In order to generate a new token with specific keys, the variables privateKey and publicKey
can be instantiated with these keys
Take the public key and add it as DYN_LOG_LEVEL_KEY to the manifest.yml. The whole file should look like this:
---
applications:
#
# You may want/need to change these to avoid naming conflicts
#
- name: logging-sample-app
instances: 1
path: target/logging-sample-app-3.0.9.war
env:
RANDOM_SLEEP: true
# Set LOG_*: true to activate logging of respective field
LOG_SENSITIVE_CONNECTION_DATA: false
LOG_REMOTE_USER: false
LOG_REFERER: false
DYN_LOG_LEVEL_KEY: MIIBIjANBgkqhkiG9w0BAQEFAAOCAQ8AMIIBCgKCAQEAgLU9Cy+UDWTst3VdLweCkalHnO6PFKjjICmtzuoAs/OarSlffInDeoBtL4MyGL2MCSPzKR0m0ZHvd2HGmImmBE5dF54MQf9OQcFvTbBpHbZ6SliTwuIB/D1CwjBCaAI7LrnkqOsWOywS/3mRGdLSOw43+YaxPyM1259Q4F3yLxx3huJ32Tfg8ARIyRrhovSNqIw2Lig+xYnllJwWzg4G404lhG5nwEhlNLr5LPWRKf0KhU5Wy/WT9BnmHKCOAVGv+HcASSw6PetzmDrgk7jEKJ07+U37cupb/5I6ltSU1CPwItxZp4K43hZZB9gU7nm9Cn6foo1xmQWmAlNied91/wIDAQAB
You can now call the app while specifying the JWT token as HTTP header:
curl -k https://logging-sample-app.<your-cf-domain> -H "SAP-LOG-LEVEL: eyJ0eXAiOiJKV1QiLCJhbGciOiJSUzI1NiJ9.eyJsZXZlbCI6IlRSQUNFIiwiaXNzIjoiZmlyc3RuYW1lLmxhc3RuYW1lQHNhcC5jb20iLCJleHAiOjE1OTMyNTY2OTcsImlhdCI6MTU5MzA4Mzg5N30.Yw-UwhhR1uMMmi6j4ReaFohTiKiSV_H_TPFUFMnwDbV9AUyyrGNKnsnY5YF8Rem3Wh8HHQYFI5gf11yn1A0uve3wRsxyq0TWLJ7ptbPDpG6LWSGrUFfF3YiKXt91mkL9GtUMYGUuj0Kji7W4zPBBOePYapurKr00IGg8La6cT4R5HKxhNSobjFzxGGRH_qlzdwFHM_Jsp3XIDBPMGYqtTVyt0nqqLExJAsU0S6Oew8tptNIJcSSFjF1NS8VhlYs198s_dj-7ntcM3jy3EzvqtQv8TNDo7sA7bFJ_he9lktmDdjPQ2gt2gyJAx-sUswcS5qvFY6JpXd74Xl-PbsT9sA"

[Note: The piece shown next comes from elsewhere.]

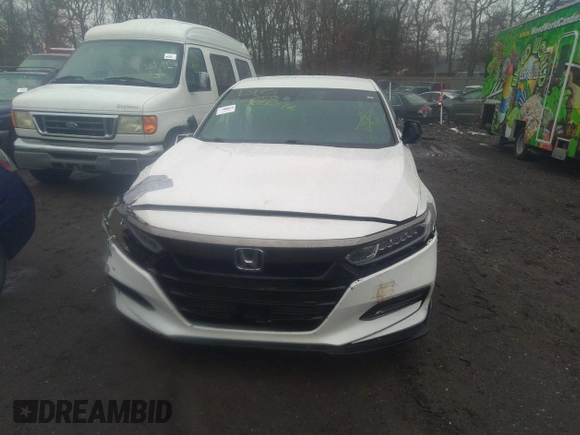 2019 Honda Accord Sport with VIN 1HGCV1F31KA009018, listed as a IAAI auction lot 38595783 with Not Provided miles and . Bid and sale history available at DreamBid. Image 11.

The app logs 5 messages in this configuration with the respective log levels:
This is a trace message with attached string TESTSTRING
This is a debug message with attached string TESTSTRING
This is a info message with attached string TESTSTRING
This is a warning message with attached string TESTSTRING
This is a error message with attached string TESTSTRING
If you leave out the JWT token, it will only log the last 3 messages.